L’approche culturale est indispensable pour l’étude des antibiotypes, des mécanismes impliqués dans la résistance, en particulier les efflux, (ce que ne permettent pas les approches de séquençage) ou les comparaisons de transcriptomes des isolats exposés à différents polluants. Dans ce cadre, le partenariat UMR Agroécologie- laboratoire de Bactériologie du CHU de Dijon prendra en charge l’isolement et la caractérisation certains bacilles à Gram négatif du groupe ESKAPE  (Enterobacter, Klebsiella, Pseudomonas aeruginosa) et des bactéries du genre Achromobacter à partir des échantillons des dispositifs in situ18,28,29,30,31. Les bactéries du genre Achromobacter sont étudiées depuis 1995 au sein laboratoire de Bactériologie du CHU de Dijon en raison de leur émergence dans les infections nosocomiales et chez les patients atteints de mucoviscidose32. Le mode de contamination des patients ainsi que les facteurs favorisant cette émergence restent inconnus. Ces bactéries présentent une multi-résistance naturelle à différentes classes d’antibiotiques et de fréquentes résistances acquises au cours des colonisations chroniques.
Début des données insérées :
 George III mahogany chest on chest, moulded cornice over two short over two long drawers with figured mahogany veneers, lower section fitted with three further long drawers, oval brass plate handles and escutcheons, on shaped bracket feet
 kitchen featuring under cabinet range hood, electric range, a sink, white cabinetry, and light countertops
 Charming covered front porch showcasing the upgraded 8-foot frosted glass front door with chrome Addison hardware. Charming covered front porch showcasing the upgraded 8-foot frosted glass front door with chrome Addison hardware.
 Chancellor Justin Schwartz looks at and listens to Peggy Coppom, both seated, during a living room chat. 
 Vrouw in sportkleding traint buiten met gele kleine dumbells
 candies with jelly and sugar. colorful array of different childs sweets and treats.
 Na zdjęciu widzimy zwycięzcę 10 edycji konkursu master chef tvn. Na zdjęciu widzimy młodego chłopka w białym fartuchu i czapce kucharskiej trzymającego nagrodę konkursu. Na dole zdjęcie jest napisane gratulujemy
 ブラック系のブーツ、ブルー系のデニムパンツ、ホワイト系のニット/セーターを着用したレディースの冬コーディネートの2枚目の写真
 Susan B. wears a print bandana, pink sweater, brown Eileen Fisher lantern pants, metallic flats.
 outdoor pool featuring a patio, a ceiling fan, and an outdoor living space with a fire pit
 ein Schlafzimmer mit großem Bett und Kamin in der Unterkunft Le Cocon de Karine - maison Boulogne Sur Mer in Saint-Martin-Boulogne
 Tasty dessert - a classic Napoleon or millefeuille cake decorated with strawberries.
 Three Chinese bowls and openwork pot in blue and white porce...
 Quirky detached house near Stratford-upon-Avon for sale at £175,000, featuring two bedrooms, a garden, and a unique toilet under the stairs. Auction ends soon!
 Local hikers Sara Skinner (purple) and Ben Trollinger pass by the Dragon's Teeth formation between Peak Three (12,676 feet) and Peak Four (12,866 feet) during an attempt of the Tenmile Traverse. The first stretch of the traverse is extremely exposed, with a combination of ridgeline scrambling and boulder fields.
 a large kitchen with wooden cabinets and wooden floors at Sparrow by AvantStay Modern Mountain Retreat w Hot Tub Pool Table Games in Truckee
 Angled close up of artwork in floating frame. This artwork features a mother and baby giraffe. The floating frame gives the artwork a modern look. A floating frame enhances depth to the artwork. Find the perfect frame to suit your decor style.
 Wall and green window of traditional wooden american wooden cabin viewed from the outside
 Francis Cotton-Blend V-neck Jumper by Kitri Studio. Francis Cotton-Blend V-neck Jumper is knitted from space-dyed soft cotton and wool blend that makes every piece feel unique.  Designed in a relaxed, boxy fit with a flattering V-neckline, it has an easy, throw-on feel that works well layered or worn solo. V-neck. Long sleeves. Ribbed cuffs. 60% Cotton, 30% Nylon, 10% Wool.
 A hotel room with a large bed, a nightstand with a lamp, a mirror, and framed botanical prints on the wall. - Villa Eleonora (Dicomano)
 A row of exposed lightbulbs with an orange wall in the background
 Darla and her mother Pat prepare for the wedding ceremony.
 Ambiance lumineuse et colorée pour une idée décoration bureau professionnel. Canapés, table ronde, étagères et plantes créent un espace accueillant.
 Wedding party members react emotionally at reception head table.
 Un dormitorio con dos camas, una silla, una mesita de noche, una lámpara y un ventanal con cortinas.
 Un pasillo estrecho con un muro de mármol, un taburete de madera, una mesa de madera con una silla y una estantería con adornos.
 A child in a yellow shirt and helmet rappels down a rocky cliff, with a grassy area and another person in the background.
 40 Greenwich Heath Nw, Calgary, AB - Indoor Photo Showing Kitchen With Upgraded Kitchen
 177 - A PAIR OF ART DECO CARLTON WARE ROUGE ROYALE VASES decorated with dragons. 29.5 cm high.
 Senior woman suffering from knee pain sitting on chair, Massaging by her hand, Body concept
La thématique du laboratoire porte à la fois sur les souches cliniques (épidémiologie chez les patients et étude des mécanismes de résistance innés ou acquis, fréquemment liés à des pompes d’efflux)22,29,33 et des souches environnementales (mise au point de milieux sélectifs et techniques d’identification pour la détection de souches environnementales et comparaison génotypique avec les souches cliniques) 34. Dans le cadre des approches en canaux artificiels, l’impact des trois substances modèles sera appréhendé sur l’évolution des résistances des bactéries du genre Achromobacter. In situ, il s’agira d’appréhender la prévalence d’Enterobacter, Klebsiella, Pseudomonas aeruginosa et d’Achromobacter ainsi que leurs phénotypes de résistance en fonction des caractéristiques des différents sites étudiés.